Years ago my friend Robin's husband, a potter, gave me a brown beanpot that he made. Robin was kind of annoyed (she wanted to keep it) but maybe she'd feel better to know that I still have that pot and wouldn't make baked beans without it. This recipe is pretty typical; the author says it is from his great-aunt Josephine from Norway (Norway, Maine, that is!) and I've used it as long as I've had the beanpot.

(Source: The Peasant Gourmet, Jonathan Bartlett. McGraw-Hill, 1975)
2 c dried beans (Josephine likes red kidney beans, I prefer Great Northern)
1 medium onion
1/2 lb salt pork (I used about 1/4 lb cheap bacon)
2 T brown sugar (I use 3 T)
2 tsp mustard (dried)
1/4 tsp pepper
1 tsp salt
1/4 c molasses (I use 3 T)

Wash the beans and cover them with water and about 3" more. Soak overnight. In the morning, simmer slowly until the skins wrinkle- about 1 hr or so. (Josephine says the beans are done if the skin breaks when you blow on the beans.) Drain the beans, saving the water, which should be kept hot. Put the onion in the bottom of the beanpot (I cut it in quarters first); add the beans. Score the salt pork (chop the bacon) and place into a depression in the beans. Mix the brown sugar, mustard, pepper, salt, and molasses and add to the beans.

Add enough of the hot bean water to cover the beans, put the top on the bean pot, and bake at 450 deg for 3 hr (personally, I think 2 hr at 450 deg is long enough), then 325 deg for another 4 hr. Look at the beans every hour to make sure you can see the water, adding hot bean water as needed so they don't dry out. Remove the cover during the last hour so that the beans aren't too wet. Serves 6.

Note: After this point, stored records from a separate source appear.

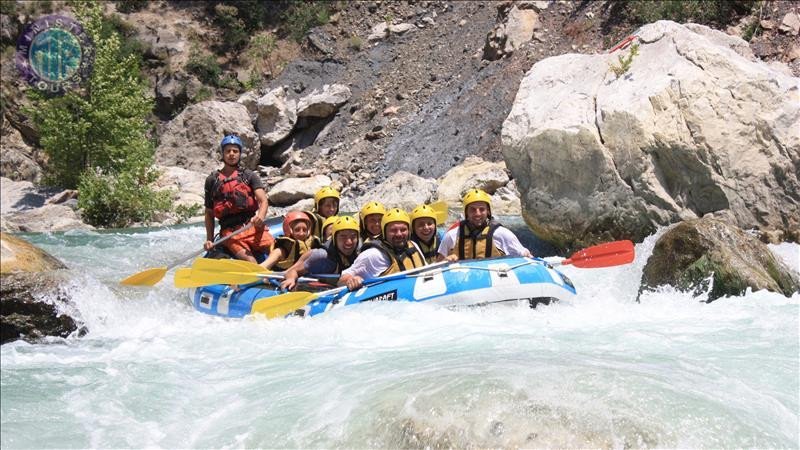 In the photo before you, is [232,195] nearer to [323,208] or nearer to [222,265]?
[222,265]

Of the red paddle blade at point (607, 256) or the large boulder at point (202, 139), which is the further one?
the large boulder at point (202, 139)

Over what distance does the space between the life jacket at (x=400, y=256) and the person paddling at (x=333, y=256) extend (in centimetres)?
25

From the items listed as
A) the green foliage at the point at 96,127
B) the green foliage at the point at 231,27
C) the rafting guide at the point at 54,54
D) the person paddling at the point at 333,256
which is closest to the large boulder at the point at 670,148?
the person paddling at the point at 333,256

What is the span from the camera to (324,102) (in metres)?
22.0

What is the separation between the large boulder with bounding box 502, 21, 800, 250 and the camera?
25.7 feet

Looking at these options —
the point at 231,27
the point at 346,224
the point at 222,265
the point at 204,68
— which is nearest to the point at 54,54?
the point at 204,68

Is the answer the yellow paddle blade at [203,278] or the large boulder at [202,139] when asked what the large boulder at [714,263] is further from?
the large boulder at [202,139]

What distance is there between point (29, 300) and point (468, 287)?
9.76 ft

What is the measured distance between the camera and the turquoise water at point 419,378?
10.2 feet

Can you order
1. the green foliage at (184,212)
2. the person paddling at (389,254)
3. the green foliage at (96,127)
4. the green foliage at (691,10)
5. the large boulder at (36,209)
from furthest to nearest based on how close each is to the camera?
1. the green foliage at (691,10)
2. the green foliage at (96,127)
3. the green foliage at (184,212)
4. the large boulder at (36,209)
5. the person paddling at (389,254)

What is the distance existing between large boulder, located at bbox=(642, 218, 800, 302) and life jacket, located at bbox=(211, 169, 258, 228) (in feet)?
11.9

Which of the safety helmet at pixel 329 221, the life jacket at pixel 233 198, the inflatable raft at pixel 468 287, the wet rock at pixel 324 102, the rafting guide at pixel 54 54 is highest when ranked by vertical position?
the rafting guide at pixel 54 54

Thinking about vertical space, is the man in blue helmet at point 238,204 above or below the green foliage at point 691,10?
below

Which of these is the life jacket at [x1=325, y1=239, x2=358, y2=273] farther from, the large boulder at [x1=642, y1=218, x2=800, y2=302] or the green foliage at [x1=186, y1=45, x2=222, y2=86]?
the green foliage at [x1=186, y1=45, x2=222, y2=86] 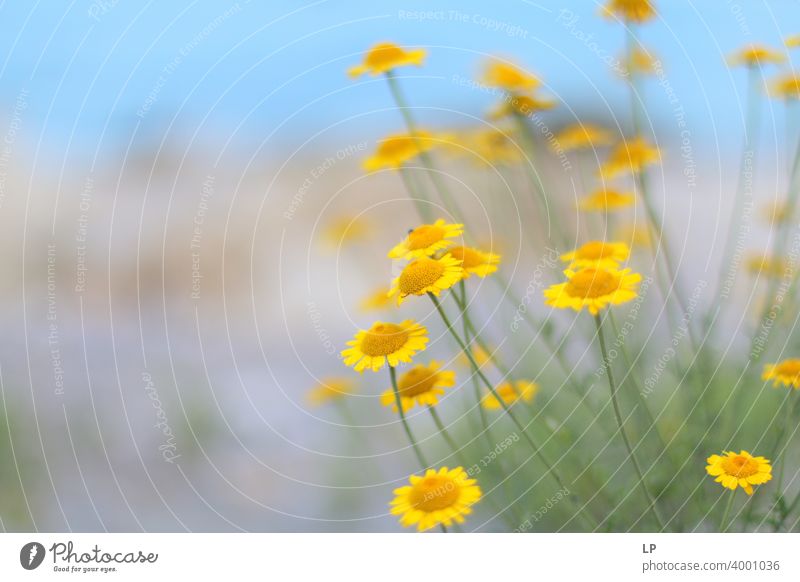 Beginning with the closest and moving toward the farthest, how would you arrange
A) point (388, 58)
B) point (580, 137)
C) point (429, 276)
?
point (429, 276) < point (388, 58) < point (580, 137)

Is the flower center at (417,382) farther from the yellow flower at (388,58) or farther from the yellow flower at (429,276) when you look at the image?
the yellow flower at (388,58)

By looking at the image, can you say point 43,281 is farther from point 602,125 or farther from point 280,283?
point 602,125

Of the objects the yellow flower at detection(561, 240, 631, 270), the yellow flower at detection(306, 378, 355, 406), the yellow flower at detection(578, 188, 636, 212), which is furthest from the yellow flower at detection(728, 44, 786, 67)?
the yellow flower at detection(306, 378, 355, 406)

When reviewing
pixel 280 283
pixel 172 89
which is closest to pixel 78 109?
pixel 172 89

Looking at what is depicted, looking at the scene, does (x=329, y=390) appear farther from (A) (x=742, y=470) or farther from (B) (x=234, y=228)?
(A) (x=742, y=470)

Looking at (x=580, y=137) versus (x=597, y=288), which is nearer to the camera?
(x=597, y=288)

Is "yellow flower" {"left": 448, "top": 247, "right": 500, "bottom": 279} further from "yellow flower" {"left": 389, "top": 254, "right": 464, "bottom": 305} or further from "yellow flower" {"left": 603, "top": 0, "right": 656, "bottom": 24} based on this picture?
"yellow flower" {"left": 603, "top": 0, "right": 656, "bottom": 24} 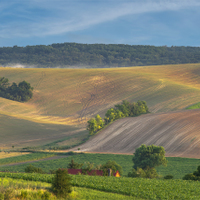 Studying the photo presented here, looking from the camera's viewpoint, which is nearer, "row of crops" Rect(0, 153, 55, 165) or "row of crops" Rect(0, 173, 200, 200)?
"row of crops" Rect(0, 173, 200, 200)

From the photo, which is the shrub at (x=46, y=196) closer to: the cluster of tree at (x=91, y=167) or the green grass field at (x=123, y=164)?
the cluster of tree at (x=91, y=167)

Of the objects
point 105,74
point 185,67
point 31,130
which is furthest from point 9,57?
point 31,130

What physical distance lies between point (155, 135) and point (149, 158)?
18.9m

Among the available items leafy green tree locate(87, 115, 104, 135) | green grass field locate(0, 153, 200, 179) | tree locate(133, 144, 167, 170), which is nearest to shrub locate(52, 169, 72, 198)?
green grass field locate(0, 153, 200, 179)

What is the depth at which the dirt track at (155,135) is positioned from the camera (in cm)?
5100

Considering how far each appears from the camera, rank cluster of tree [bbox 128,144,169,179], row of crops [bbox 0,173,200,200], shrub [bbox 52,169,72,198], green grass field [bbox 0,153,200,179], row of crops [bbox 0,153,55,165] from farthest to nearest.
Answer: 1. row of crops [bbox 0,153,55,165]
2. green grass field [bbox 0,153,200,179]
3. cluster of tree [bbox 128,144,169,179]
4. row of crops [bbox 0,173,200,200]
5. shrub [bbox 52,169,72,198]

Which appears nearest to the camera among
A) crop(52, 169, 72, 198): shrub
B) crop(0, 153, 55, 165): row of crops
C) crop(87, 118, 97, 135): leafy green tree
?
crop(52, 169, 72, 198): shrub

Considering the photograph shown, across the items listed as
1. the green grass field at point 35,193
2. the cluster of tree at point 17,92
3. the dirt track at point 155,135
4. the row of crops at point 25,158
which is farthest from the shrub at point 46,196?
the cluster of tree at point 17,92

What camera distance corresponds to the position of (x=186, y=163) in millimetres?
42031

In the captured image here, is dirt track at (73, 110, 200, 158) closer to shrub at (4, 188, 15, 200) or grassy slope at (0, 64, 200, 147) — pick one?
grassy slope at (0, 64, 200, 147)

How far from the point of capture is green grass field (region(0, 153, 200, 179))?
3806 centimetres

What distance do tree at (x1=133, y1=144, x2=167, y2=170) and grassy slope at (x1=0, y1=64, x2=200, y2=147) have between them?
29.6 m

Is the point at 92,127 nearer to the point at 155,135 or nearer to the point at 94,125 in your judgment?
the point at 94,125

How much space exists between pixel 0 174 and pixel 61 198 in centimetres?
986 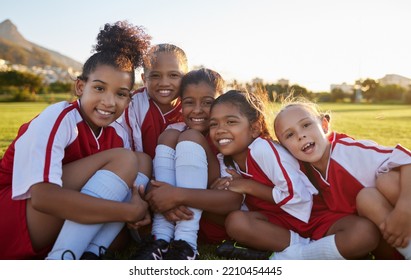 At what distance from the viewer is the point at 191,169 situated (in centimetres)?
240

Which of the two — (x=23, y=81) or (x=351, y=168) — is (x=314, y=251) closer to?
(x=351, y=168)

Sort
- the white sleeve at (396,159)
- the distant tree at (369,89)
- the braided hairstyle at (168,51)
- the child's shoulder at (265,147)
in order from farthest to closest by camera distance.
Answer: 1. the distant tree at (369,89)
2. the braided hairstyle at (168,51)
3. the child's shoulder at (265,147)
4. the white sleeve at (396,159)

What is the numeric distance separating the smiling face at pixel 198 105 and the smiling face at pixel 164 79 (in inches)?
8.0

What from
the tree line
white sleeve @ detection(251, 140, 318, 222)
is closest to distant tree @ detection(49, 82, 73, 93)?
the tree line

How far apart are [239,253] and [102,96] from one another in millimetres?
1106

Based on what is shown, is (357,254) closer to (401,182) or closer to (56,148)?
(401,182)

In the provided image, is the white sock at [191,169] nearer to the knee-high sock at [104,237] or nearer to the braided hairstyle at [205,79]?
the knee-high sock at [104,237]

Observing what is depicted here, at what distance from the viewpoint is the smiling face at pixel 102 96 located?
2357mm

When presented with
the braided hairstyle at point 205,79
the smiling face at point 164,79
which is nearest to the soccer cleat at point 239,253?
the braided hairstyle at point 205,79

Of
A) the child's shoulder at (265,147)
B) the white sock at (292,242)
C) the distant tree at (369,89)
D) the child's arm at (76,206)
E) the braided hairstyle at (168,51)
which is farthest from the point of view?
the distant tree at (369,89)

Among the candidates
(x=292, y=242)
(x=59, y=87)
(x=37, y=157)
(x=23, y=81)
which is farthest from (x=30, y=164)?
(x=59, y=87)

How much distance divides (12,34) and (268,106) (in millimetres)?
2103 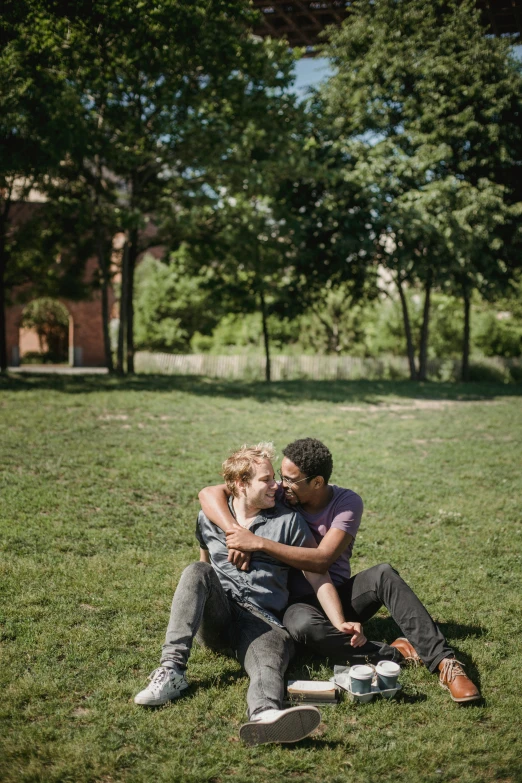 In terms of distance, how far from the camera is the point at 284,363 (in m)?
30.9

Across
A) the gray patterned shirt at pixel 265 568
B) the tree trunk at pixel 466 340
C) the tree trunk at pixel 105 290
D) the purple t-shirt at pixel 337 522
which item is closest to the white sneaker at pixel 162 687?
the gray patterned shirt at pixel 265 568

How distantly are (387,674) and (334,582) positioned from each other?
781 mm

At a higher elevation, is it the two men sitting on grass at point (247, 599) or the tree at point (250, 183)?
the tree at point (250, 183)

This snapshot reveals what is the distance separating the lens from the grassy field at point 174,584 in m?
3.13

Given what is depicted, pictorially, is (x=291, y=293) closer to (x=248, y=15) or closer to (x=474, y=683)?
(x=248, y=15)

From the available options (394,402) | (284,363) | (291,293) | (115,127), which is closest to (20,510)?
(394,402)

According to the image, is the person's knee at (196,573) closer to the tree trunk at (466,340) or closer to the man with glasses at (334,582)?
the man with glasses at (334,582)

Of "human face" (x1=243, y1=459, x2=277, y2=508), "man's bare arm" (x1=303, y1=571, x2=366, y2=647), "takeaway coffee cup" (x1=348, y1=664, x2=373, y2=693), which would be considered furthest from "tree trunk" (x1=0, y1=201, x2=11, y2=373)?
"takeaway coffee cup" (x1=348, y1=664, x2=373, y2=693)

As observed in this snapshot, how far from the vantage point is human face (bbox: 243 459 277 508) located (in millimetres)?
4004

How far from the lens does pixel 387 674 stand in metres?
3.59

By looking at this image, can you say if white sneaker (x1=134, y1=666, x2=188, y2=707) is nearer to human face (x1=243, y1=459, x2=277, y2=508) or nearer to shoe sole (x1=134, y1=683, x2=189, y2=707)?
shoe sole (x1=134, y1=683, x2=189, y2=707)

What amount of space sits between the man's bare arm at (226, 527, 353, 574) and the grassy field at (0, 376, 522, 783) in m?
0.67

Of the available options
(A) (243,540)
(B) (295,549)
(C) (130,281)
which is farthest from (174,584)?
(C) (130,281)

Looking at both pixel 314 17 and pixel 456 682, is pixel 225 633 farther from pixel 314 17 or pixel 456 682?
pixel 314 17
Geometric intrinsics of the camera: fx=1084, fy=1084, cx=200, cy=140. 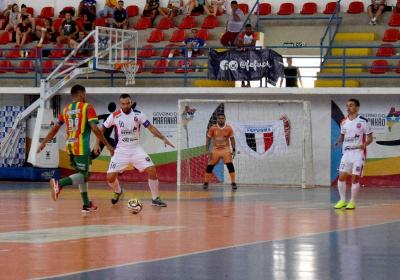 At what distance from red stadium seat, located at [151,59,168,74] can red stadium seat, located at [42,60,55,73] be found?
3696mm

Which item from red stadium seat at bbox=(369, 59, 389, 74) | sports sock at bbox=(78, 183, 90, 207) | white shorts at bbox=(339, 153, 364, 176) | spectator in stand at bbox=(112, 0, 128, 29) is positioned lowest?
sports sock at bbox=(78, 183, 90, 207)

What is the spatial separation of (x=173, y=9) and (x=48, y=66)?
5.04 metres

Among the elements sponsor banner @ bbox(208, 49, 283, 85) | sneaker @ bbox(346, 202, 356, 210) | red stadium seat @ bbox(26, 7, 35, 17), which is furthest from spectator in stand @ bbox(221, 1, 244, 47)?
sneaker @ bbox(346, 202, 356, 210)

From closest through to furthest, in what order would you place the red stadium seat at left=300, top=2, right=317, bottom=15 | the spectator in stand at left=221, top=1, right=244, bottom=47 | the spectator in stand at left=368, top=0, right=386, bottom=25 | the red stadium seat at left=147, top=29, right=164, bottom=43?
the spectator in stand at left=221, top=1, right=244, bottom=47
the spectator in stand at left=368, top=0, right=386, bottom=25
the red stadium seat at left=300, top=2, right=317, bottom=15
the red stadium seat at left=147, top=29, right=164, bottom=43

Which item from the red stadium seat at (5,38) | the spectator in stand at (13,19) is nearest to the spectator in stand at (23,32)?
the spectator in stand at (13,19)

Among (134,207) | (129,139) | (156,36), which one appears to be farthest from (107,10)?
(134,207)

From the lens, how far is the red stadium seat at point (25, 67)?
1496 inches

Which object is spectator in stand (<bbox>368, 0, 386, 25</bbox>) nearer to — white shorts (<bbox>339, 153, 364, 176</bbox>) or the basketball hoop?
the basketball hoop

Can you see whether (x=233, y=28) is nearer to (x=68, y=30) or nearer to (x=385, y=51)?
(x=385, y=51)

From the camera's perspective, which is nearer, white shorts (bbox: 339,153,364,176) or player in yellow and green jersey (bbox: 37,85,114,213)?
player in yellow and green jersey (bbox: 37,85,114,213)

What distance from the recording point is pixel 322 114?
3438 centimetres

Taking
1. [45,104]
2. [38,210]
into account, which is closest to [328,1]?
[45,104]

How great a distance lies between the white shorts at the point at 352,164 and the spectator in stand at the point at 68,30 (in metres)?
18.7

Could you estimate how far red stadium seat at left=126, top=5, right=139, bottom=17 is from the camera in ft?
133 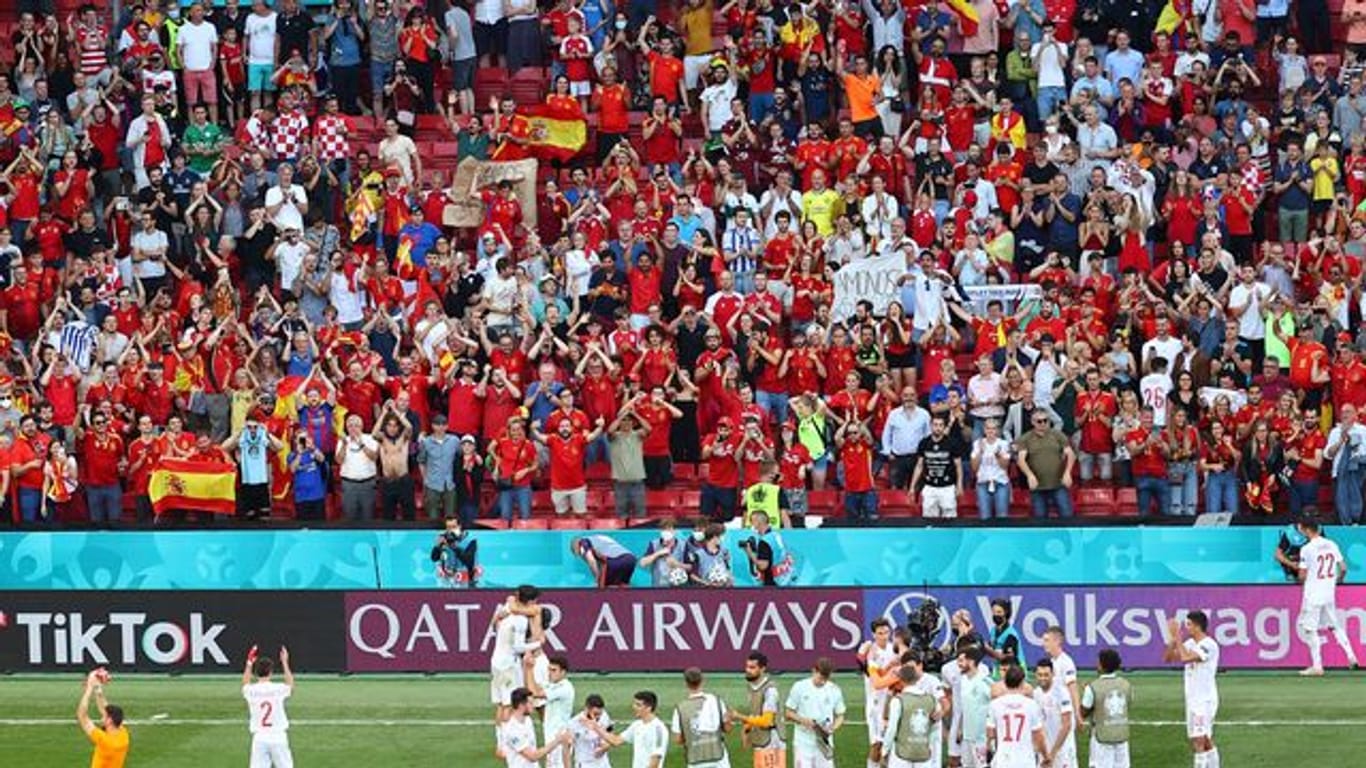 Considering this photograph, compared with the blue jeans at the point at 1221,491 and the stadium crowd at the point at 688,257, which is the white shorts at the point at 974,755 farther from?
the blue jeans at the point at 1221,491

NOTE: The beans should be essentially cooked before you put them in the oven. The water the beans boiled in should be used to wet them during baking because it contains a lot of the starch that binds them. If you add baking soda (1-2 tsp)to the bean water while soaking/cooking, it will reduce the gassiness of the beans. Seems to work, so I do. Be careful about how much you add though; baking soda has sodium and is salty.